Nancy Gibbs, Time's deputy managing editor, is expected to succeed at the magazine, a source said.

Spokesmen for Time and the State Department declined to comment.

Ms. Gibbs has been running the magazine since late July, when Mr. Stengel joined Martha Nelson, the editor-in-chief of Time Inc., in helping the company prepare for its separation from parent company Time Warner. Ms. Gibbs has lately overseen the hiring of 30 editorial staffers ahead of a web redesign scheduled for late October.

A joint report from Politico and Capital New York first reported the news of Mr. Stengel's departure, saying he will become under secretary of state for diplomacy and public affairs.

Mr. Stengel was named managing editor at Time in May 2006. But his new job at the State Department is not his first foray into government. In 1999, Mr. Stengel was a senior adviser and chief speechwriter for Bill Bradley's presidential run, according to the Time website.

Mr. Stengel's tenure atop Time saw both Newsweek and U.S. News & World Report abandon the once-fierce battle among print news weeklies, but the headwinds they faced buffeted Time as well.
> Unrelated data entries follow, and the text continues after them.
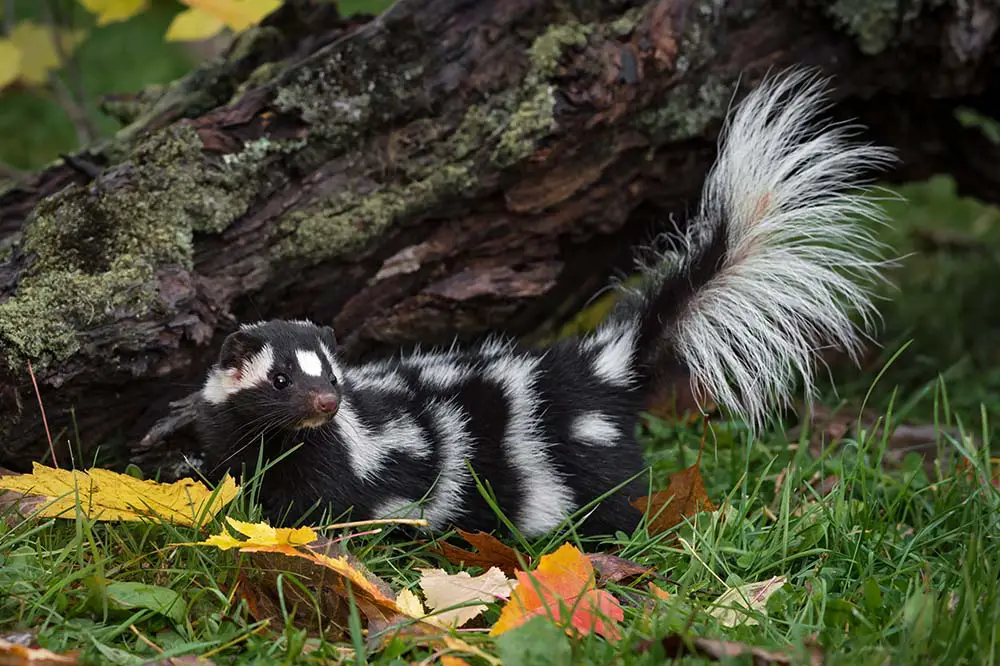 Eastern spotted skunk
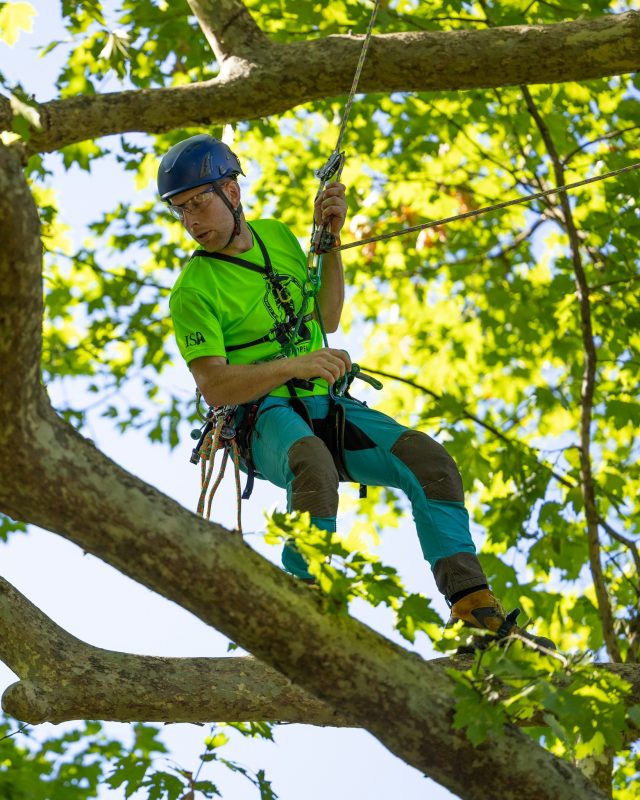 Mr Magic Mike aka @mickarblife aka Mike Curwen will be talking all things @ftctree  on the Honey Brothers stand (A6-9) on Friday 20th September at 11am! Stick it in your APF diary!

#ftc #ftctree #honeybros #arborist #arbgear #treeclimber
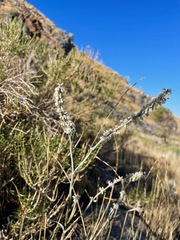 Eriogonum racemosum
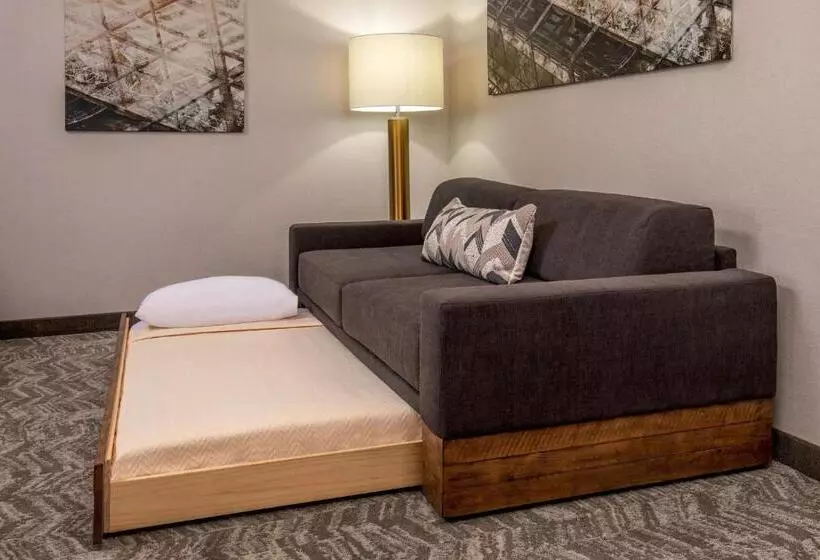 استودیو ساده, Springhill Suites By Marriott Norfolk Virginia Beach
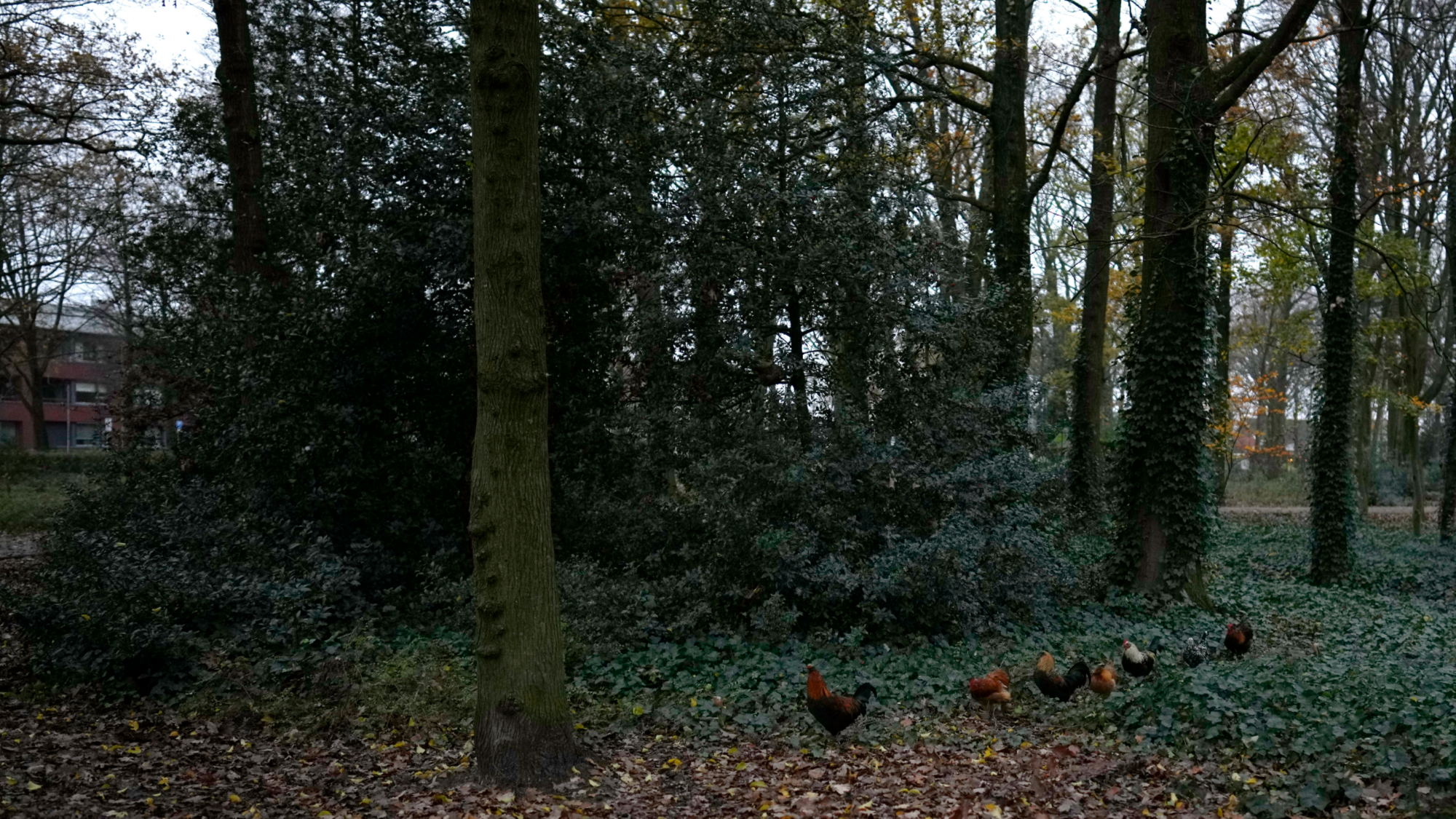 Dutch to cull 117,000 chickens as bird flu spreads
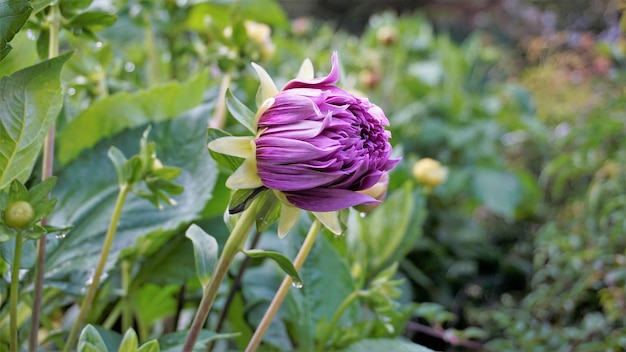 Bellissimi fiori di Dahlia pinnata noto anche come Pinnate Hypnotica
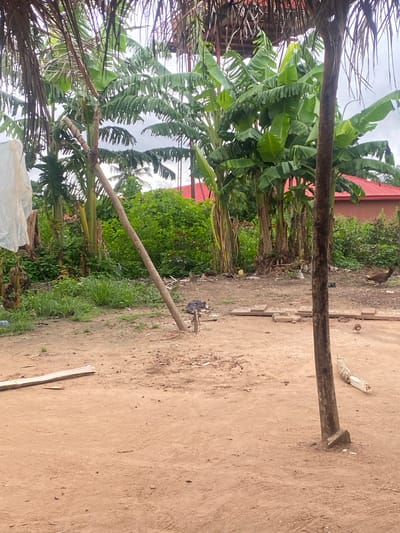 The image displays an outdoor, semi-rural scene in Iyare, Nigeria, under an overcast sky. The ground is predominantly reddish-brown earth, interspersed with patches of green grass and weeds.

In the foreground, a light-colored wooden pole leans diagonally from the upper-left corner towards the center, appearing to be secured to a tree trunk beyond the frame. Near the base of this leaning pole, partially obscured by grass, is a small, dark subject. Scattered pieces of wood, including a long plank on the far left and a broken log on the far right, lie on the ground. A white plastic bag is visible on the ground to the left. On the right side of the frame, a darker, thicker wooden pole stands vertically, anchored by a concrete base at its bottom.

The midground features a dense cluster of lush green banana or plantain trees with broad leaves. Behind these trees, abundant green foliage and bushes create a thick natural barrier. In the background, beyond the vegetation, several buildings with distinctive red corrugated iron roofs are visible, suggesting residential or utilitarian structures.

Two birds are present on the ground: a brown chicken is walking towards the right in the midground, and a small chick, dark-feathered, stands near the base of the vertical pole on the right. Dried palm fronds hang from above, framing the top portion of the image, indicating the presence of a palm tree or a thatched structure just outside the frame.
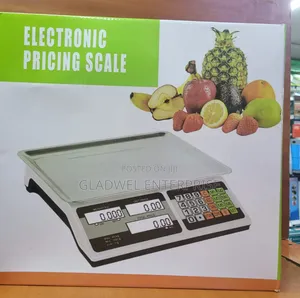 Best Quality 40kg Digital Scale With Display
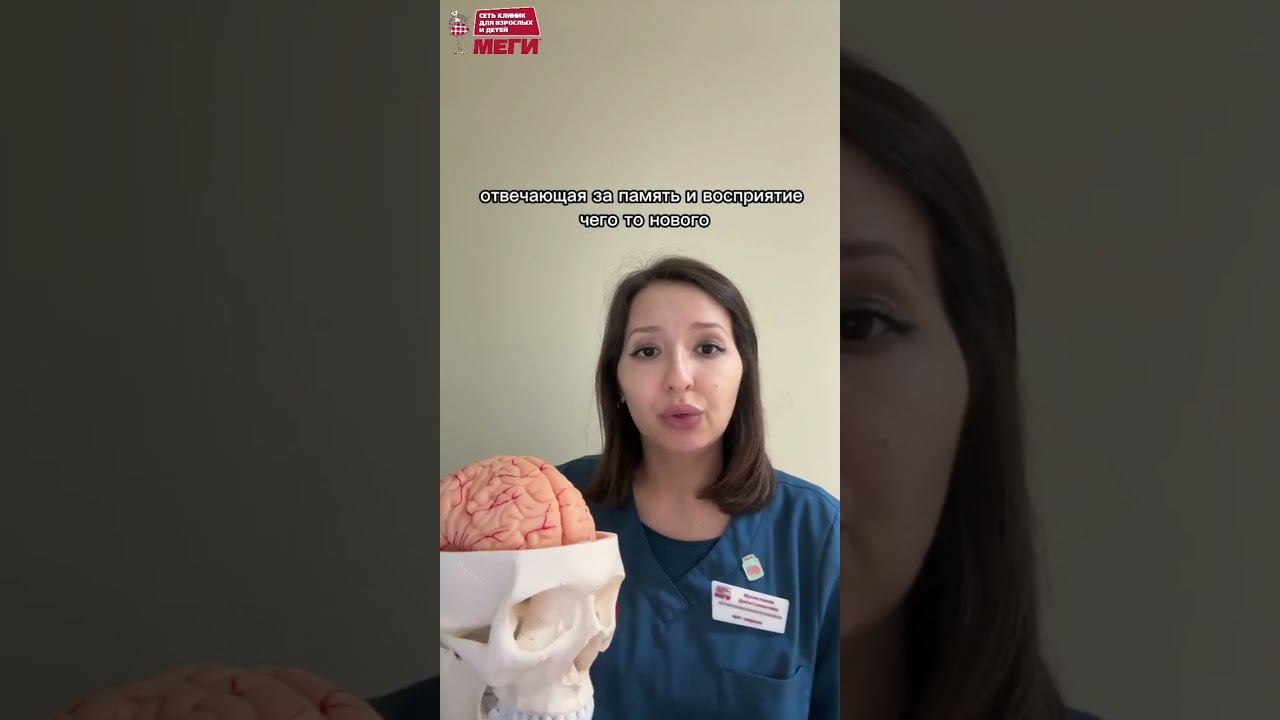 Дежавю может быть признаком эпилепсии! #доктор #врач#медицина #меги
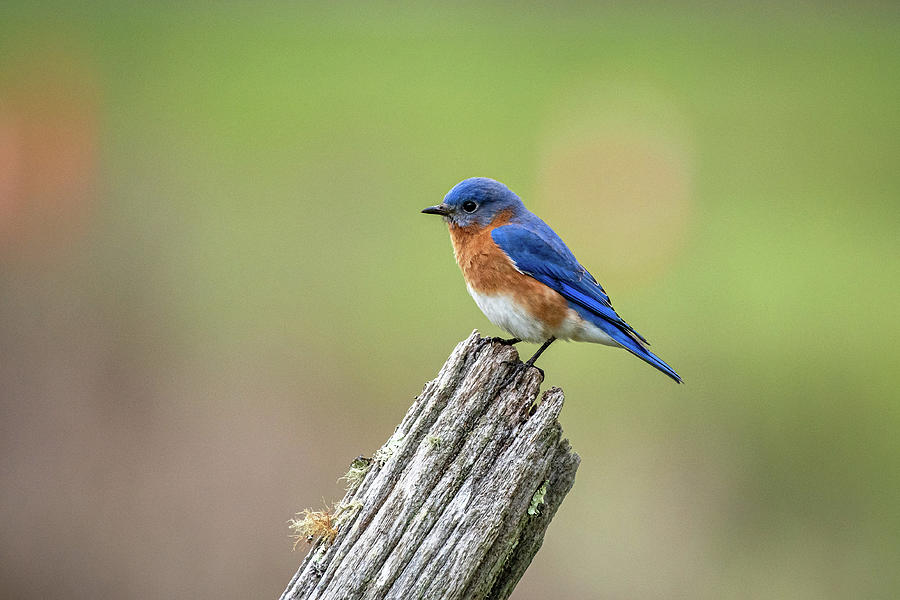 Eastern Bluebird Male #1 Photograph by Robert J Wagner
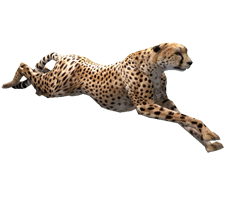 Cheetah High-Quality Png PNG 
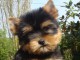 b&eacute;b&eacute; chiot Yorkshire femelle 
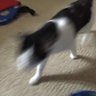 Profilbild von SamTehCat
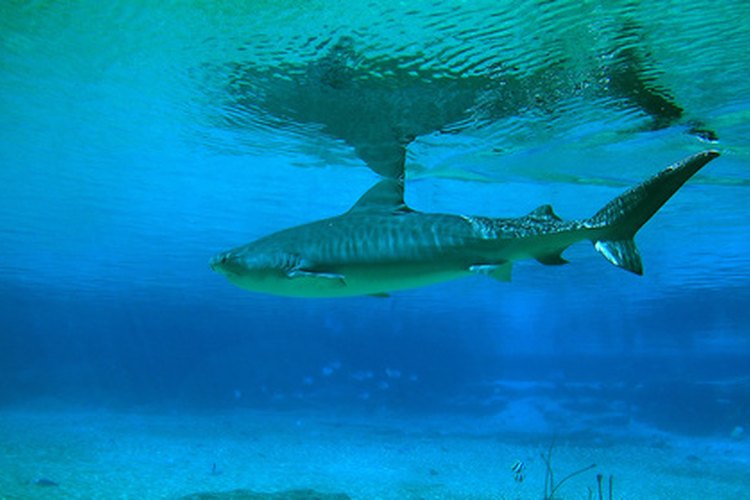 Las diferentes especies de tiburones tienen divrsos hábitos de apareamiento.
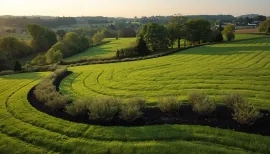 Curving green tea fields with rows of bushes under a hazy sunset sky
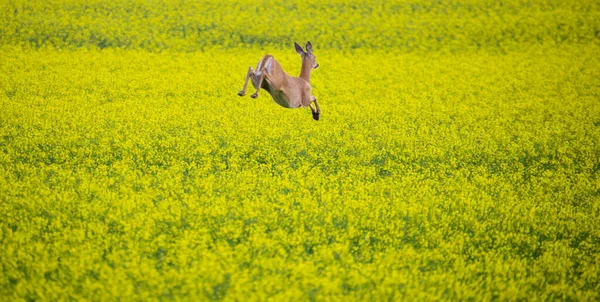 Ciervo Campo Canola Saskatchewan Canadá — Foto de Stock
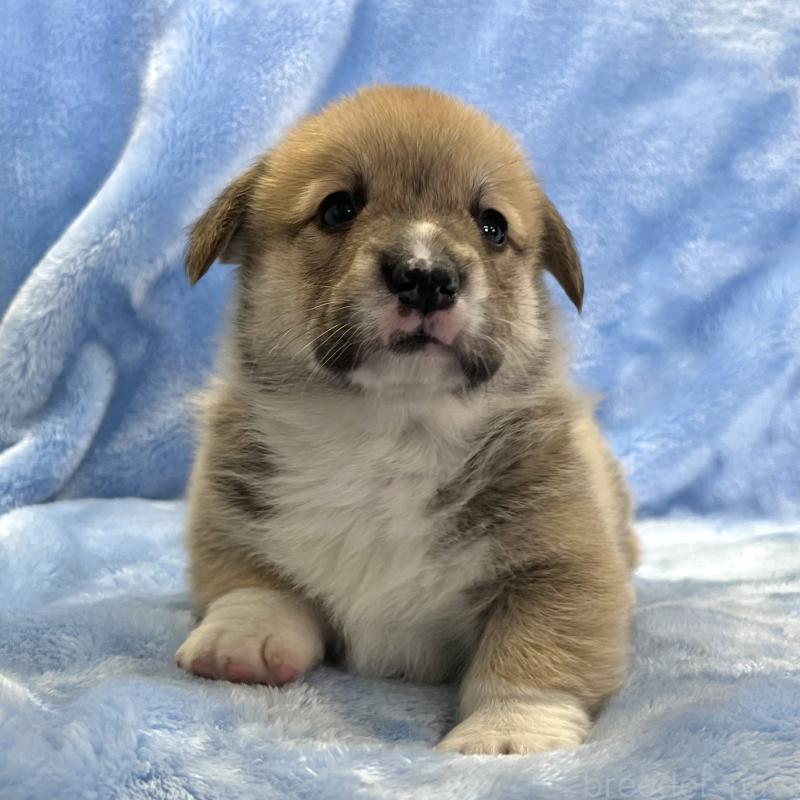 販売中の大阪府のウェルシュコーギーペンブローク-449254の14枚目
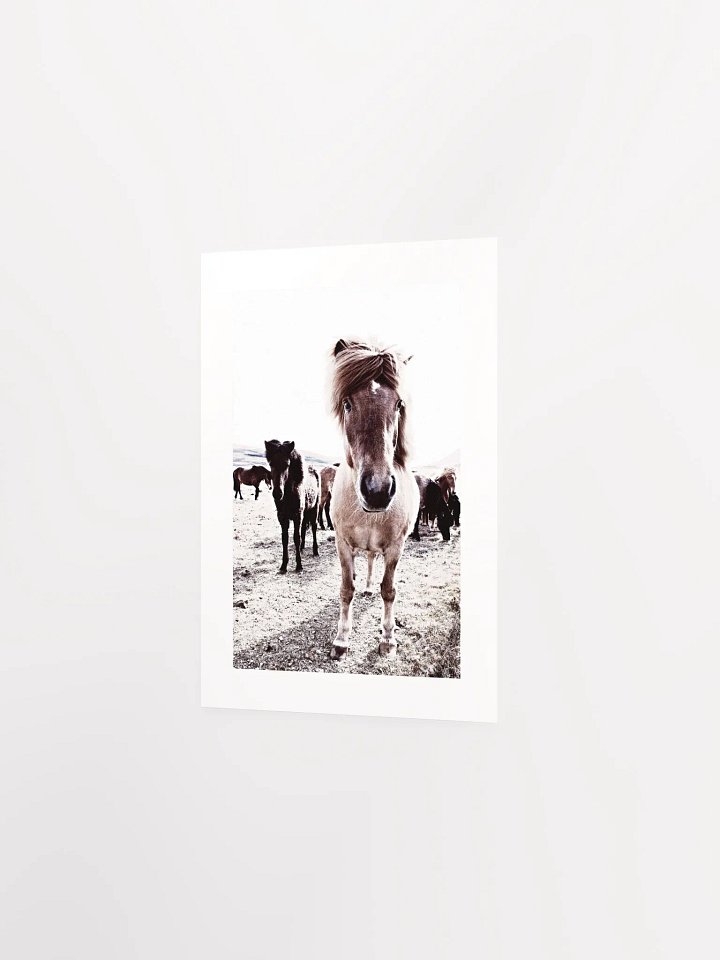 Iceland Horses Passepartout Print product image (14)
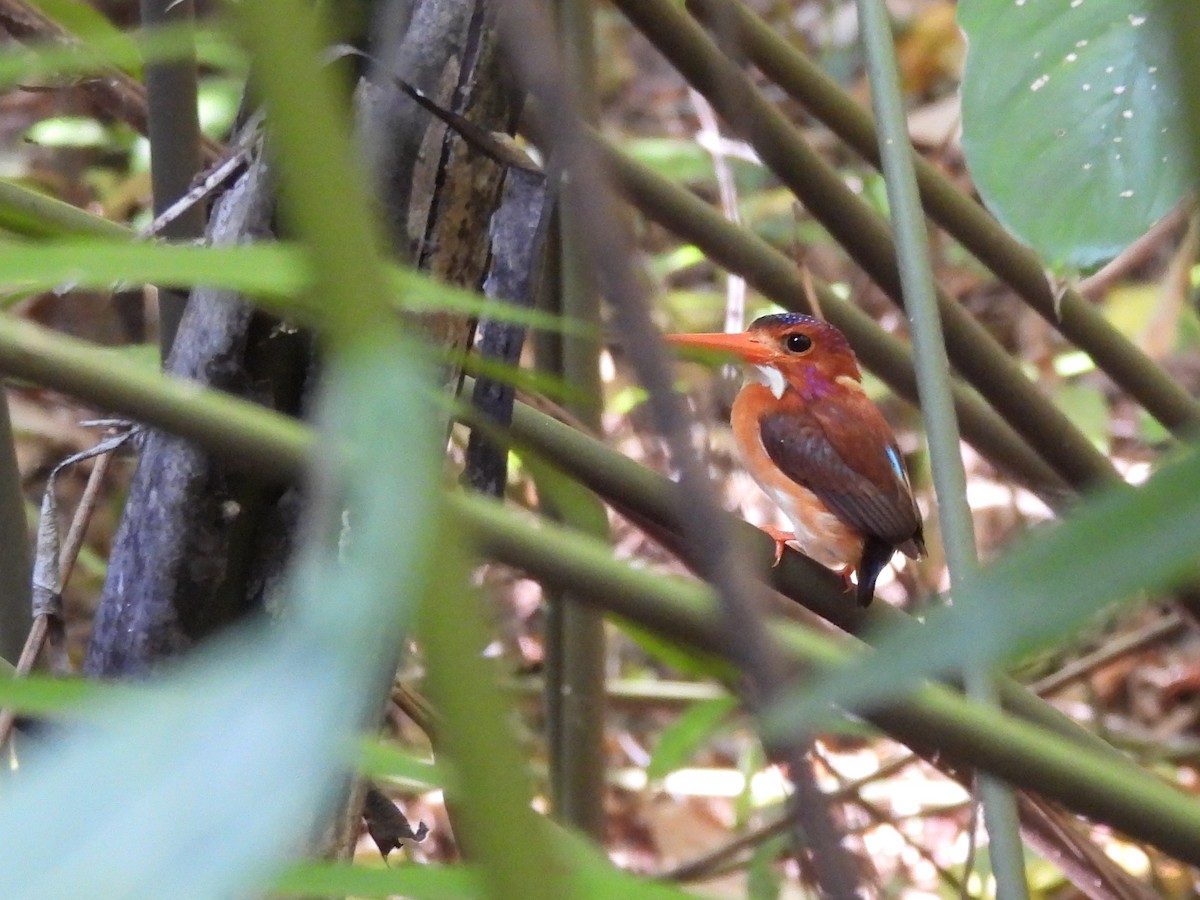 Sulawesi Dwarf-Kingfisher - ML642096575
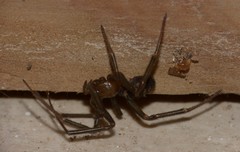 Steatoda grossa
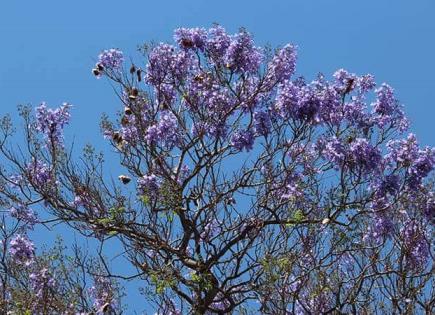 Se anticipó la floración de jacarandas en SLP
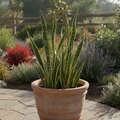 Snake Plant Outdoors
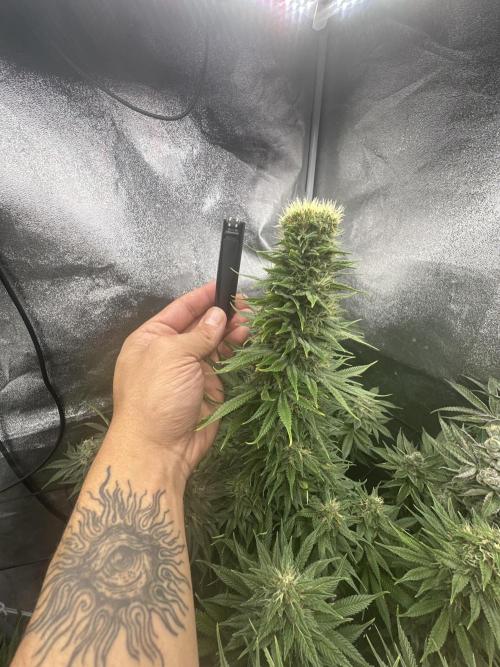 Crazy Platinum Marker. Week 17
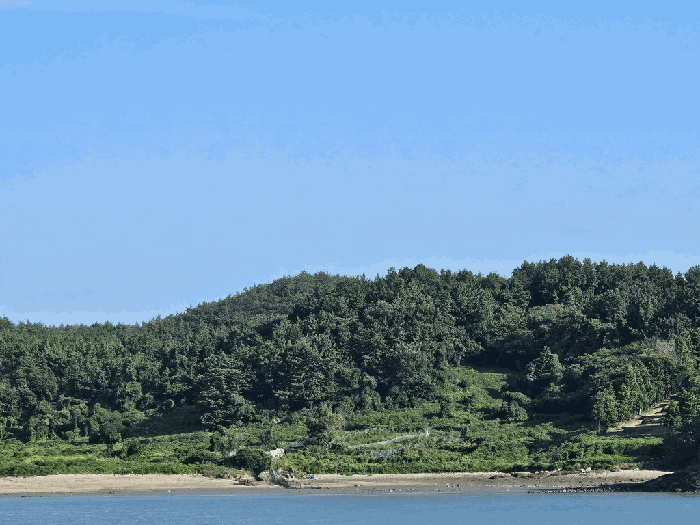 전라남도 고흥군 도화면 구암리 766-16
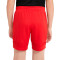 Nike Kids Academy 21 Shorts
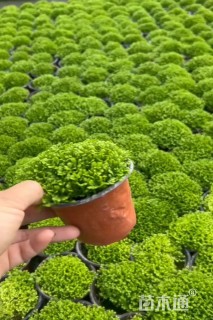 高度5厘米翠云草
Its ad pages declined 17% in the first half of the year, compared with the period a year prior, after falling 12.2% in 2012, according to the Publishers Information Bureau.

Web traffic to Time.com is growing, reaching 10.1 million unique visitors in August, according to ComScore, up 15% from the August 2013 despite the presidential campaign then drawing readers to news coverage.

But the title's print circulation has declined. The magazine averaged paid and verified circulation of 3.3 million in the first half of the year, including single-copy sales of 58,462, according to its report with the Alliance for Audited Media. In the first half of 2006, it averaged nearly 4.1 million copies, including single-copy sales of 119,446.